Houssayn Ibn Qoutloughtakin retourna chez le sultan et défendit le cas de Jawouli qui était partit pour la ville de Balis ou il arriva le 13 du mois de Safar mais le peuple s’opposa à lui. Les hommes du prince Ridwan, le seigneur d’Alep, qui s’y trouvaient s’enfuirent et Jawouli assiégea la ville durant cinq jours qu’il prit après avoir miné une des tours qui tomba sur les soldats du génie tuant plusieurs d’entre eux. Il prit donc la ville, crucifia un groupe de notables et convoqua le Qadi Muhammad Ibn ‘Abdel-‘Aziz Ibn Ilyas, qui était un juriste dévot et l’exécuta. Alors il ravagea la ville et prit une grande quantité d’argent.

 

De la bataille entre Jawouli et les croisés

 

Au mois de Safar cette année, une bataille eut lieu entre Jawouli Saqaou et Tancrède, le souverain d’Antioche. La raison est que le prince Ridwan correspondit avec Tancrède et l’informa du comportement traître, sournois et fourbe de Jawouli et le mis en garde qu’il avait l’intention d’attaquer Alep et que, s’il l’a prenait, les croisés ne pourraient plus maintenir leur présence en Syrie. Il proposa une alliance à Tancrède ainsi que de l’aide pour s’opposer à lui. Tancrède répondit à sa demande et quitta Antioche tandis que Ridwan lui envoya 600 cavaliers. En entendant ces nouvelles, Jawouli envoya un messager au seigneur d’Edesse et l’invita à lui fournir de l’aide et renonça à la grande somme d’argent de la rançon. Le comte procéda alors pour rejoindre les forces de Jawouli qui était à Manbij. Dans cette situation, Jawouli reçut des informations que l’armée du sultan avait conquis Mossoul et saisit sa trésorerie et ses propriétés. Cela lui fit beaucoup de peine et un grand nombre de ses partisans l’abandonnèrent dont l’Atabeg Zanki Ibn Aqsounqour et Baktash an-Nihawandi.

 

Jawouli se retrouva donc avec mille cavaliers mais une grande foule de volontaires le rejoignit et il campa devant Tall Bashir quand arriva Tancrède à la tête de 1 500 cavaliers croisés et des 600 soldats du prince Ridwan sans compter les fantassins. Jawouli donna le commandement de l’aile droite aux émirs Aqsiyan, Altountash al-Abari et d’autres et l’aile gauche à l’émir Badran Ibn Sadaqah, au commandant général Sabawah et Sounqour Daraz tandis que le centre fut donné aux comtes croisés Baldwin et Josselin. La bataille débuta et les hommes d’Antioche chargèrent le comte. Le combat fut féroce et Tancrède enfonça le centre. Alors l’aile gauche de Jawouli chargea l’infanterie du seigneur d’Antioche et tua un grand nombre d’entre eux. Alors que la défaite du seigneur d’Antioche semblait imminente, les hommes de Jawouli se tournèrent vers les chevaux de rechange des croisés, le comte et ceux de Josselin, les enfourchèrent et s’enfuirent. Jawouli se lança vers eux et les rappela mais ils ne revinrent pas. Son autorité sur eux s’était rompue après la chute de Mossoul et quand il vit qu’ils ne reviendraient pas avec lui, il ne pensa qu’à lui-même et craignant pour sa vie s’il restait, il s’enfuit suivit par le reste de l’armée.

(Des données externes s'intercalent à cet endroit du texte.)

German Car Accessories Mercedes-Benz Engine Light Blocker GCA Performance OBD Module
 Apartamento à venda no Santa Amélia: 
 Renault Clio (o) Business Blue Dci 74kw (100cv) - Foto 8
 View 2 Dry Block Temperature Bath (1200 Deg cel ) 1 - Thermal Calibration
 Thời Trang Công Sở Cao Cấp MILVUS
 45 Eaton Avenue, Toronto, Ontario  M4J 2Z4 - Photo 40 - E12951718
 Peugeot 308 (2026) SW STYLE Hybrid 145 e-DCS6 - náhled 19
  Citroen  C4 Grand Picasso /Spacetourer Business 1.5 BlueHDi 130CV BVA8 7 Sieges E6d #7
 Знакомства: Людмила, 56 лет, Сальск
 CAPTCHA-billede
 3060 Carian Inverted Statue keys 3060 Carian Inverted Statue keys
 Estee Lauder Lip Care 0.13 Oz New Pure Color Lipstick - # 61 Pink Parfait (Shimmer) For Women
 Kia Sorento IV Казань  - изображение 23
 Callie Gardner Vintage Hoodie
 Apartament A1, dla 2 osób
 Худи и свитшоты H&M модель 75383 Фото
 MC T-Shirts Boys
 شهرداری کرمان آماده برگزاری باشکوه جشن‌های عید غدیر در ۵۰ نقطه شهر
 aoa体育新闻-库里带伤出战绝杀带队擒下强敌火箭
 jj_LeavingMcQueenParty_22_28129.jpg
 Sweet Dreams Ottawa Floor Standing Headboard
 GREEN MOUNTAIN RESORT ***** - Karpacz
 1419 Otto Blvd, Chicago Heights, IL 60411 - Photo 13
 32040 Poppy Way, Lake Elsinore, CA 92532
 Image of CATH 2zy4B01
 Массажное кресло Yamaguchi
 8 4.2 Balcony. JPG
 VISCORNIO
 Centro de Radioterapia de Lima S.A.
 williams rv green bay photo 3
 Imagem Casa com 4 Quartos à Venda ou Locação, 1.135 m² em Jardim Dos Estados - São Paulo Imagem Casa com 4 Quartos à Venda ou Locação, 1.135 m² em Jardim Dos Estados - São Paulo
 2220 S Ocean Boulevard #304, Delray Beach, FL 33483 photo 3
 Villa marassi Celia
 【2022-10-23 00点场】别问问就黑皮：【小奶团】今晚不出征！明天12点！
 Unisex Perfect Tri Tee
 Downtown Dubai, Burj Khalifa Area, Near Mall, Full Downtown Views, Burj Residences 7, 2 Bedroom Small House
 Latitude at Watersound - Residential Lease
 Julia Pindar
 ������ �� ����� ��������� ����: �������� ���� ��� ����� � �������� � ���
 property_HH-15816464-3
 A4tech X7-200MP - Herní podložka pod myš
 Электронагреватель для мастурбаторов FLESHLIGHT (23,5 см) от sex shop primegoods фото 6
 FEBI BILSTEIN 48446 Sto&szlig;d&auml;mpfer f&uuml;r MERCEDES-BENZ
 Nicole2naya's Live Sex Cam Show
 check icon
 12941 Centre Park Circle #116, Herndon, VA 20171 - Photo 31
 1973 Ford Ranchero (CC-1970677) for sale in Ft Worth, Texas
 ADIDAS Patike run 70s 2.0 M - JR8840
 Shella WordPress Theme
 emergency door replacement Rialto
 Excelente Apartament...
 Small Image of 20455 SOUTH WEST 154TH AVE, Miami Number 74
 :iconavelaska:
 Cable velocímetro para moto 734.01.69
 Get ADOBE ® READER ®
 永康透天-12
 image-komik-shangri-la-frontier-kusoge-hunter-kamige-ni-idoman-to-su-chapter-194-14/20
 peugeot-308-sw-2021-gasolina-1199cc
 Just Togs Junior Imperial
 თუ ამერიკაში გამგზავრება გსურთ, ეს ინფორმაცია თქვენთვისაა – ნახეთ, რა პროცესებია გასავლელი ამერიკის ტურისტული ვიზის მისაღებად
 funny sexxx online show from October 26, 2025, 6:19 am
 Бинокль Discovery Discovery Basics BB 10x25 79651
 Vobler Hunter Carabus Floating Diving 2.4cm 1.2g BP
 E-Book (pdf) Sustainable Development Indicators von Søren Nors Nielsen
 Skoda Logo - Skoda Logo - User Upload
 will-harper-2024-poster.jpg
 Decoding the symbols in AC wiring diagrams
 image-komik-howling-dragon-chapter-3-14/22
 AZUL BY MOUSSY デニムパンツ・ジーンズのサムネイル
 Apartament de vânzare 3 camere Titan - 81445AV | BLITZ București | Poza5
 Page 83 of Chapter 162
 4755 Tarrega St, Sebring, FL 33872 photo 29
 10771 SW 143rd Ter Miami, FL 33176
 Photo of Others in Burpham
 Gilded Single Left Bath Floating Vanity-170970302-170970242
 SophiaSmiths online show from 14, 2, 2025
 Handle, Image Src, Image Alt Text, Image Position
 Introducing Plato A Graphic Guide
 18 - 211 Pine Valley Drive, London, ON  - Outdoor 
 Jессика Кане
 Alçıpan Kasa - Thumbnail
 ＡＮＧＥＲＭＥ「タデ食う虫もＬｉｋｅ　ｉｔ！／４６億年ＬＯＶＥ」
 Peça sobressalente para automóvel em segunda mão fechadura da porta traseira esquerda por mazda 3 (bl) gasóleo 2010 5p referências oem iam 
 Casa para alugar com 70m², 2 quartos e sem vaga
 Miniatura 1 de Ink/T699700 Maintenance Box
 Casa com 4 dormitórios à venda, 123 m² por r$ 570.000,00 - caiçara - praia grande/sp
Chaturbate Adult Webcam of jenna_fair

Le commandant Sabawah partit pour Damas, Badran Ibn Sadaqah à Qal’at Ja’bar, le fils de Joukarmish disposa pour Jazirat Ibn ‘Omar et Jawouli pour ar-Rahbah. Une foule de Musulmans furent tués et le seigneur d’Antioche pilla leurs affaires et leurs bagages et le reste souffrit énormément des croisés. Le comte et Josselin s’enfuirent à Tall Bashir et un grand nombre de Musulmans y cherchèrent aussi refuge et ils furent bien traités. Les blessés furent soignés, les nus habillés avant d’être envoyé dans leurs propres terres.

 

La bataille entre Toughtakin et les croisés et le traité subséquent

 

Il y eut une féroce bataille cette année entre Toughtakin l’Atabeg et les croisés quand Toughtakin se rendit à Tibériade à cause de l’arrivée du neveu de Baldwin pour ouvrir des hostilités. Toughtakin commandait 2 000 cavaliers et un grand nombre de fantassins tandis que le neveu du roi Jérusalem commandait  400 chevaliers et 2 000 fantassins.

 

Après un combat intense, les Musulmans se retirèrent. Toughtakin descendit de sa monture et s’adressa aux Musulmans avec des mots d’encouragement puis, ils revinrent à la bataille et écrasèrent les croisés, en capturant le neveu du roi qui fut emmené à Toughtakin. Toughtakin lui proposa la conversion à l’Islam mais il refusa, offrit la rançon de 30 000 dinars et la libération de 500 captifs pour sa libération. Toughtakin n’accepta rien hormis sa conversion et comme il refusa, il le tua de ses propres mains et envoya au calife et au sultan les prisonniers qu’il fit. Plus tard Toughtakin et Baldwin, le roi des croisés se mirent d’accord pour une cessation des hostilités pour une durée de quatre ans. Ce fut une bénédiction d’Allah Tout Puissant pour les Musulmans et n’était-ce traité, les croisés, qu’Allah les maudisse, auraient remporté un grand succès sur les Musulmans après la défaite qui est sur le point d’être mentionnée.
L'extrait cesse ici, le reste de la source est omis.